Have a word with the spotters just before you lift. Let them know how you will signal them that you are ready to take the bar. When the spotter has taken a grip on the bar, you should take a deep breath so that you become further stabilised, then signal the spotter that the lift off should begin. At this point the bar should be lifted off and smoothly moved forward to a position just above your shoulders. Your arms should be fully extended with the elbows locked.

Once you are steady you should exhale and then take another deep breathe to raise your chest up higher. Your wrists should be bent back slightly to enable an arched descent to a high point on the chest. The exact point will vary slightly for different lifters. But it should be around the nipple area. When the bar touches the chest, the upper arms should be at a 45 to 60 degree angle from the body. In this position the lifter will have a stronger push from the chest. Any angle greater than 60 degrees makes it more difficult to initiate the push from the chest and over a period of time can lead to shoulder injuries.

The Ascent
The bar should actually stop dead on the chest without sinking excessively. Do not relax, keep all the involved muscles bar tight. The instant you hear the Bench command you should explode the bar upward without any heaving up of the chest.

During the press, when the bar approaches the midway point you may feel the bar slow down. It is at this point that the bar should be pressed up and back ; when this is done the elbows will naturally drift out as the bar is pushed back to the lockout position just over the shoulder joints.

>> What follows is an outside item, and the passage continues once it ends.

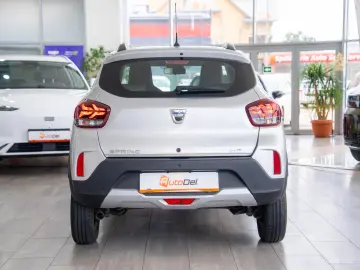 Dacia Spring 26.8kWh - Electric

The proper groove for the bar is absolutely vital to efficient bench pressing. You must understand that any movement of the bar toward the abdomen as the bar is driven of the chest will most likely result in a stalled or failed lift, especially with heavy weights. Hence, it is important that you learn the proper diagonal "groove" between the chest position and the final lockout position. You should quickly establish the proper moment to push back and also take care not to begin this process too early in the upward motion.